Top Articles

Calf implants involve dissection from incisions on the back of the knee inferiorly down to the gastrocnemius muscle fascia. The fascia is then entered so that the implant can be placed underneath it on top of the muscle.

There are two gastrocnemius muscles,  an inner or medial muscle belly and an outer or lateral muscle belly. This requires two separate skin incisions placed above each muscle in the back of the knee in the popliteal skin creases. There is a some distance between the skin incision and the top portion of the muscle which has to be dissected through to reach the fascia.

Once making the incision and along the course of this dissection it is common to see nerve branches. These superficial nerves are typically small in size and are cutaneous branches of the sural nerve which supplies sensation to various skin regions of the back of the leg. But during the dissection down to the lateral muscle head a much larger nerve may occasionally be seen which should not be confused with a cutaneous nerve branch.

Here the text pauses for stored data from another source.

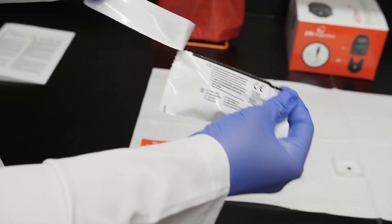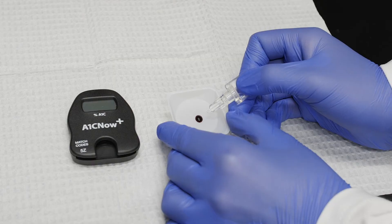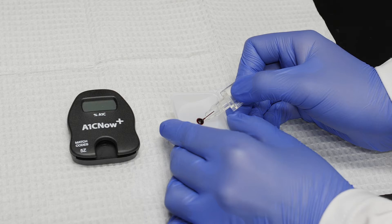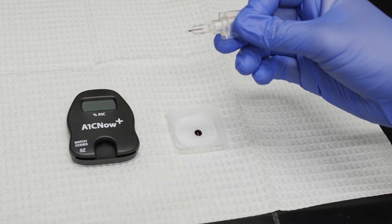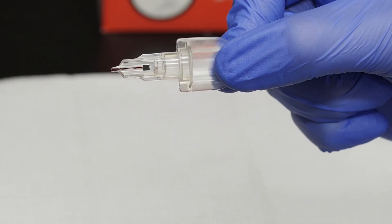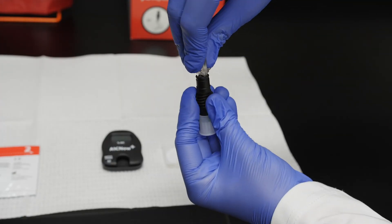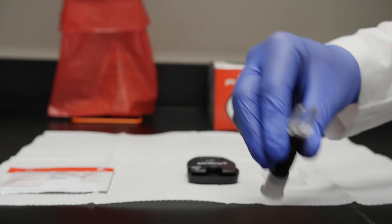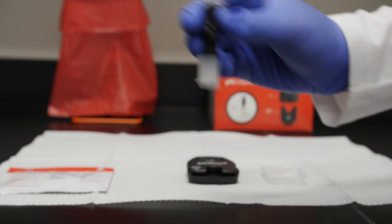Open the shaker pouch from your A1C Now Plus Test Kit. Hold the blood collector at a 45-degree angle and collect the A1C Now Plus Controls solution from your clean, flat surface. Verify that you've collected the appropriate amount of control solution with the blood collector. Insert the blood collector into the shaker body using a twisting motion. Shake vigorously six to eight times, then stand the shaker body on the table.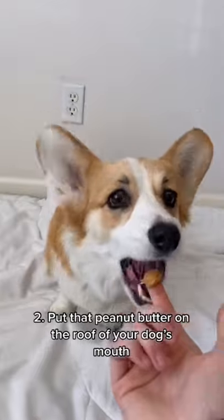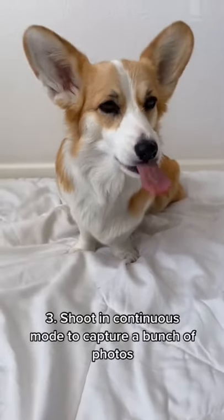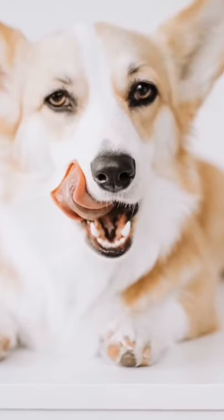Get that peanut butter on a finger and put it on the roof of your pup's mouth. Then grab your camera and shoot in continuous mode to capture some awesomely fun pictures, perfect for Tongue Out Tuesday.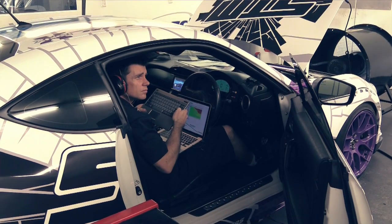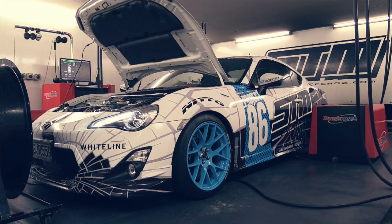Next we tuned the engine to make the most of these components. We picked up a total gain of 14 kilowatts at the rear wheels. Given our starting point of only 114 kilowatts, this is a pretty good gain for a naturally aspirated engine.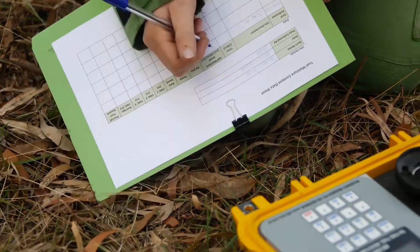We go out and take our fuel moisture readings so that we have an idea of how much moisture is in our fuel, so that when we burn we have an idea of the intensity that it's going to burn at.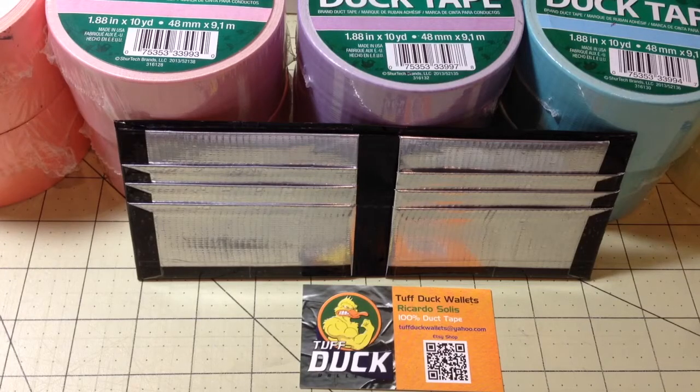What's up YouTube, this is Rick with Tough Duck Wallets. It's been quite some time since I've posted my last video, so I thought I'd post this video of the most recent wallet that I finished making.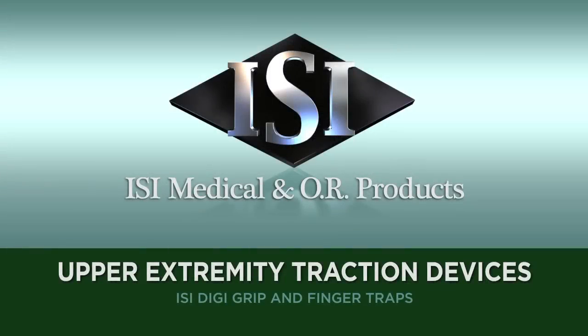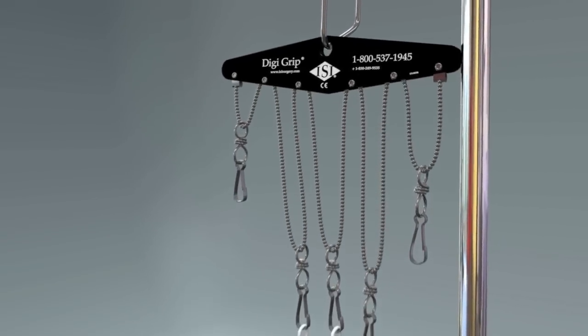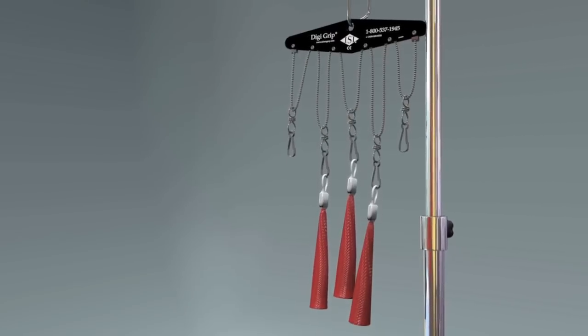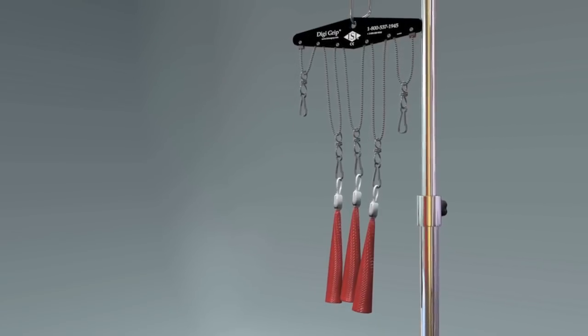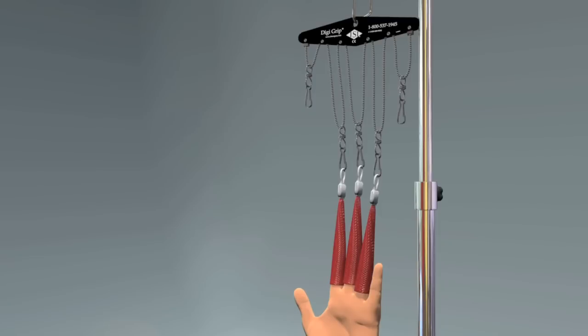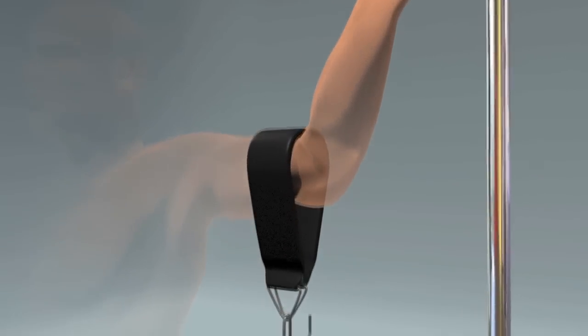DigiGrip and Finger Traps. The ISI DigiGrip system provides secure traction of the upper extremity. Used with an IV pole or a traction apparatus, the ISI DigiGrip allows up to five finger traps to be easily attached or changed.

The common peroneal nerve (also called the common fibular nerve) is the terminal branch of the sciatic nerve which courses along the upper lateral side of the popliteal fossa and is usually located along the medial border of the biceps femoris muscle, most typically deep to the muscle on its way to the fibular head. This larger nerve will occasionally be seen when its course is more superficial than deep during placement of a lateral calf implant. When more superficial the nerve runs right between the biceps femoris muscle fascia and the most lateral aspect of the lateral gastrocnemius fascia. As a result it is potentially exposed to being traumatized by the course of the dissection or the retraction needed to place the implant.

Injury to this common peroneal nerve can result in foot drop in which the foot can not dorsiflex and the foot drags during walking. It can also result in loss of sensation to the dorsal surface of the foot. If such a nerve injury occurs it will be evident immediately after surgery. 

I have only seen the common peroneal nerve a few times during placement of lateral calf implants and have had two patients with short and longer term foot drops as a result. While it is a motor nerve that can recover it can be a long process. As a result I now advise my patients that of I see the common peroneal nerve during the dissection  I will not go forward and place the implant. It is not worth the potential risk of even a short term nerve injury. Also the medial calf implant is always the most aesthetically important one so a risk of nerve injury is not worth it for the less significant cal muscle augmentation.